Mudarse es morir un poco. Lo he sentido en el cuerpo. No como una herida, sino como una especie de desprendimiento: dejar atrás paredes que escucharon mis silencios, suelos que guardaron las huellas invisibles de mis pasos, ventanas que enmarcaron mis días. Es una muerte pequeña y cotidiana que me pide enterrar no sólo objetos, sino hábitos, rutinas, la forma en que la luz entraba a las cuatro de la tarde en la cocina y como nunca ocupe ese roof garden por el que me enamoré de esa casa.

Empacar es desenterrar, volver a tocar cosas que creí olvidadas, decidir qué se queda, qué se suelta. Y eso, aunque parezca trivial, duele. No por lo que se va, sino por lo que se transforma. Cada caja sellada es una despedida. Cada cinta adhesiva que se pega tiene el sonido de un adiós.

Mis gatos lo saben, antes que yo. Husmean el caos, olfatean el cambio. Se esconden, se irritan, se vuelven sombra. Cada uno reacciona distinto: Borges, el más valiente inspecciona las cajas como si fuesen enemigos; Sienna, la más temerosa, habita casi todo el tiempo debajo del cajón de mis pinceles, sale sólo a comer, beber y al arenero. Sus cuerpos perciben las rupturas antes de que ocurran. Y Vodka, mi perro labrador, me sigue con una lealtad muda, como si supiera que aunque el mundo se mueva, mientras estemos juntos, todo estará bien.

Hay una tristeza inasible que se queda flotando cuando ves por última vez un espacio que fue tuyo. La cocina que tenía una ventana horizontal por donde entraban nardos y hojas, el patio donde mi esposo colocó una malla para que no escaparan los gatos y donde bebíamos limoncillo con los amigos, no importa si era amplio o estrecho, si lo amé o lo padecí: fue el escenario de una etapa, un trozo de tu vida. Y dejarlo atrás es como arrancar una página que aún no termina de escribirse.

Pero también hay un temblor dulce en lo desconocido. Una promesa, un susurro: algo nuevo comienza. Y eso también es arte. Habitar un espacio virgen, imaginar cómo resonará tu risa en un cuarto vacío, proyectar tus días sobre paredes aún sin memoria. Hacer museografía en casa, que pintura le queda a cada muro, llegar a un lugar nuevo es empezar a soñarlo.
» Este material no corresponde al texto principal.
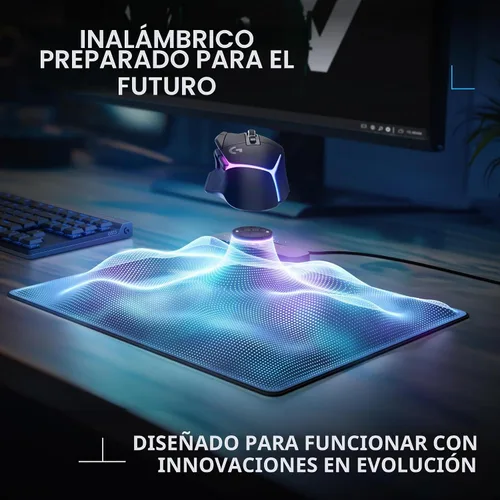 Vista 7 de Logitech G 502 X Lightspeed - Mouse inalámbrico para juegos + alfombrilla de mouse de carga inalámbrica Powerplay 2, color negro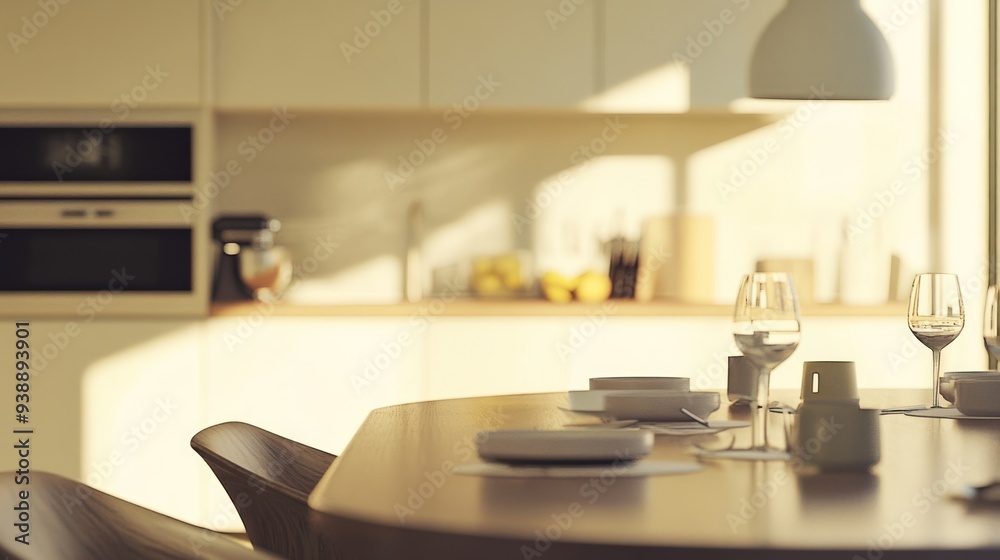 Modern Kitchen Table Setting with Sunlight Modern Kitchen Table Setting with Sunlight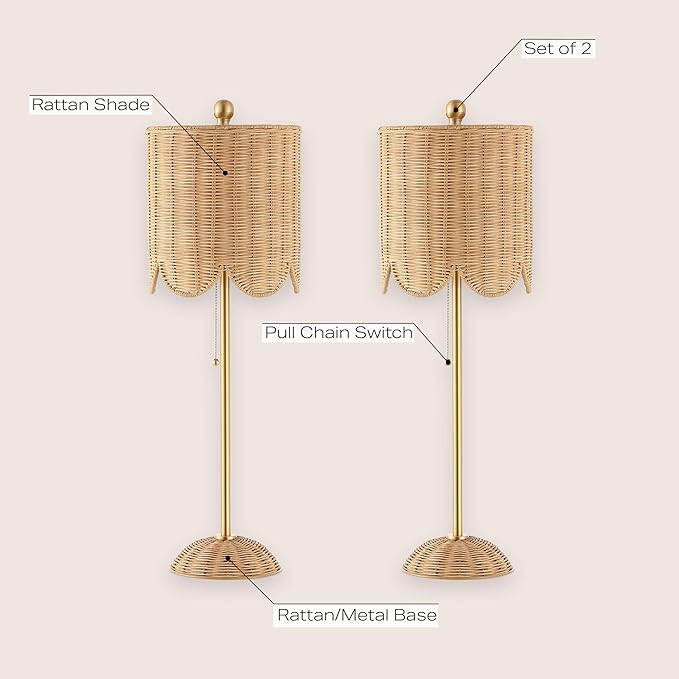 JONATHAN Y 27.5" Brass Gold Coastal Buffet Table Lamp Set of 2 for Bedroom, Boho Table Lamps with Natural Rattan Scalloped Shade, Pull Chain, LED Bulbs Included JYL1138A-SET2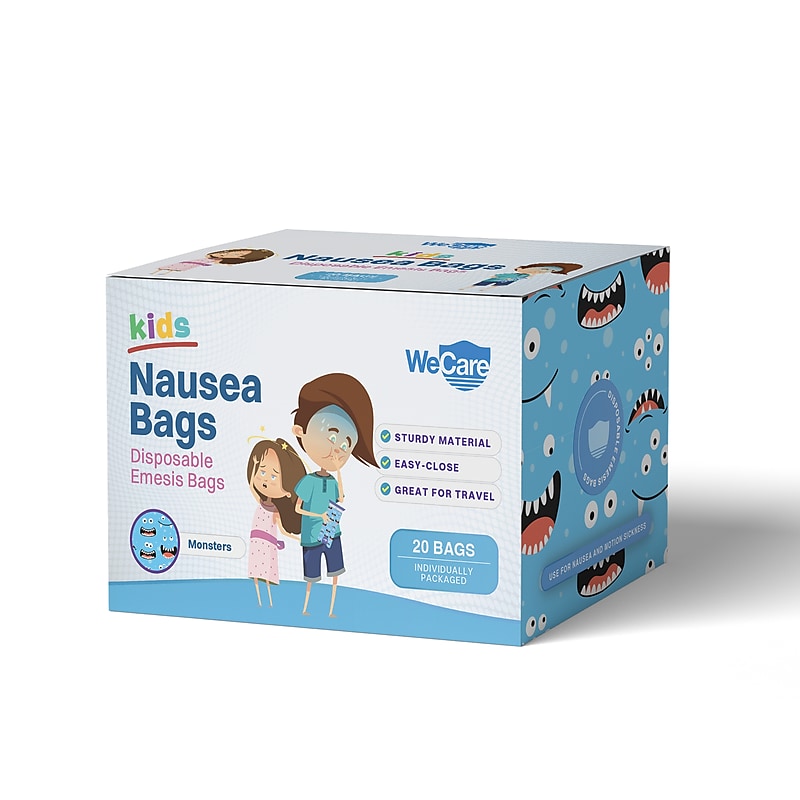 WeCare Monsters Kids' Disposable Emesis Bag for Nausea and Motion Sickness, Multicolor (WC-EMES-M-20) image 1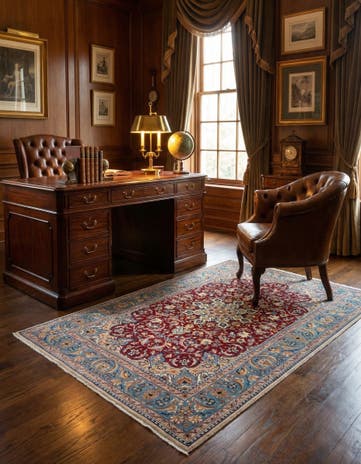 3' 5 x 5' 2 Hand Knotted Isfahan Persian Rug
Como artista, vivo de los símbolos y mudarme es, inevitablemente, una metáfora. De renacimiento, de posibilidad, de tránsito. Es pintar sobre un lienzo ya usado, con capas que se cruzan, con manchas antiguas que aún hablan bajo la pintura fresca. No todo se olvida, algunas cosas se transforman. Los recuerdos viajan en los dobleces de la ropa, en los objetos que insistimos en cargar con nosotros aunque ya no sirvan.
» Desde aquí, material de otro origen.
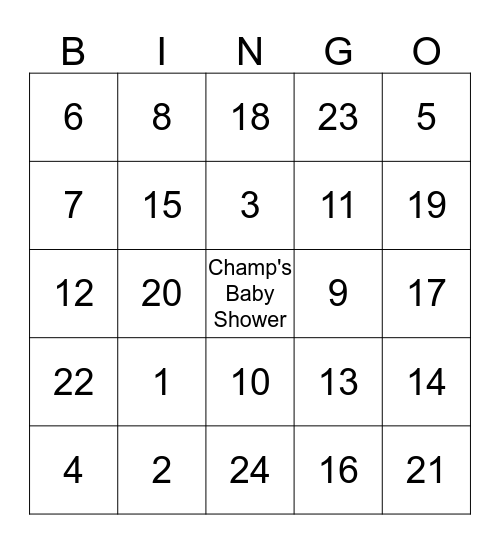 Champ's Baby Shower Bingo Card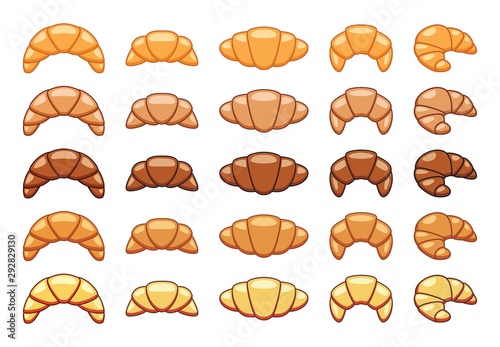 vector drawing of croissant icons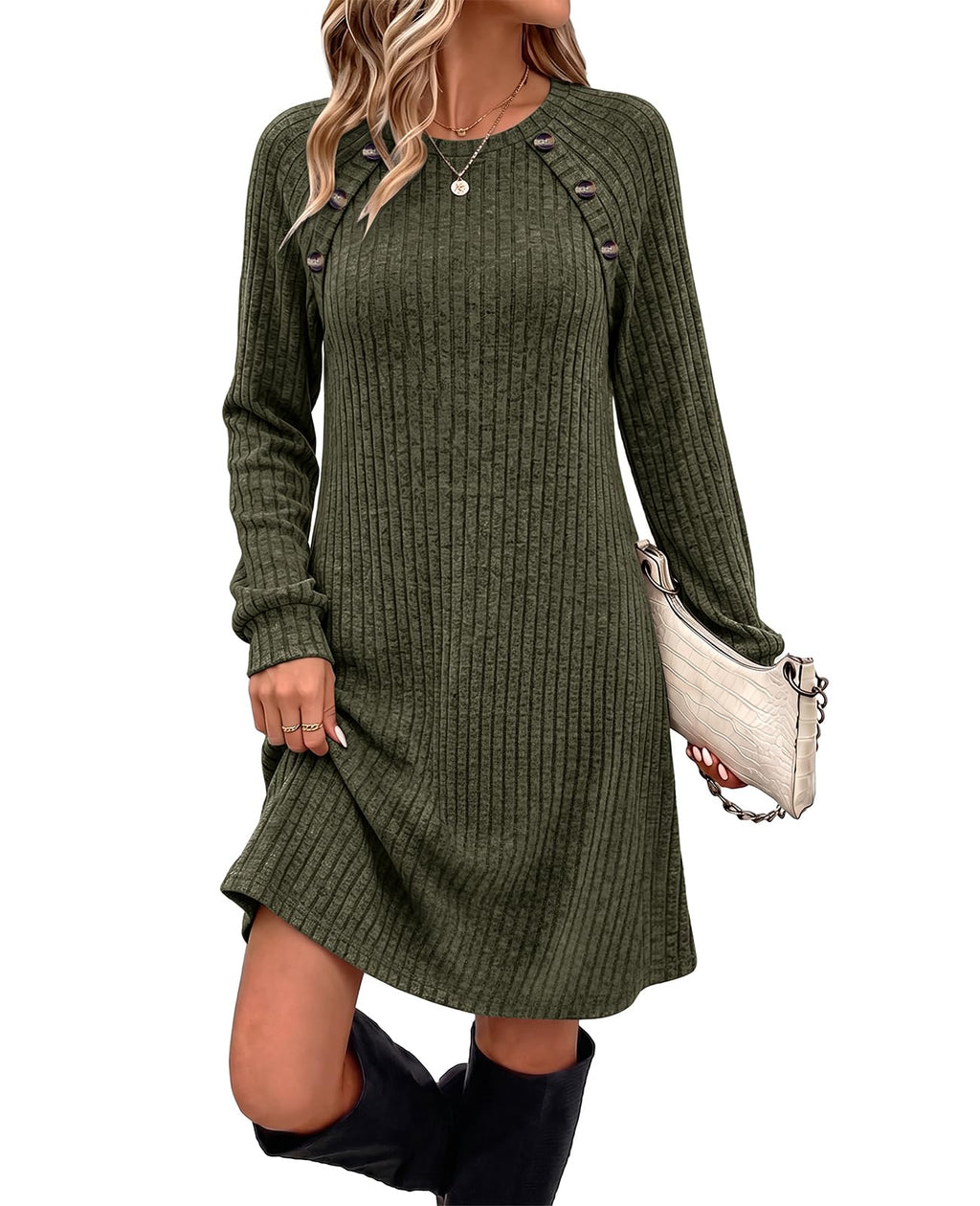 OFEEFAN Fall Dresses for Women 2026 Long Sleeve Dress with Pockets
Mi esposo, paciente y fuerte, sostiene los extremos de este puente que construimos entre lo que dejamos y lo que nos espera. Juntos tejemos hogar con lo que tenemos a mano: libros, plantas, tazas, nombres compartidos, la certeza de no estar solos. Y con nuestros compañeros peludos somos una caravana extraña y hermosa: cinco gatos, un perro grande y dos corazones humanos, intentando domesticar el vértigo de cambiar.

Cada mudanza me recuerda que pertenecer no es estar, sino habitar. Habitar es más que ocupar un espacio: es permitir que algo te toque, te transforme, te nombre. Y en cada nuevo lugar, hay una parte de mí que despierta diferente.

No dejo atrás un hogar. Lo llevo conmigo.